What is being asked »
Copy all of the data that follows without altering a word.

Data shown »
■ ■ ■ ■

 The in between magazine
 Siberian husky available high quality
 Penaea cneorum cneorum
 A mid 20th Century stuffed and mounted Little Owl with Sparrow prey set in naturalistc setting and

■ ■ ■ ■

Answer area »
 The in between magazine
 Siberian husky available high quality
 Penaea cneorum cneorum
 A mid 20th Century stuffed and mounted Little Owl with Sparrow prey set in naturalistc setting and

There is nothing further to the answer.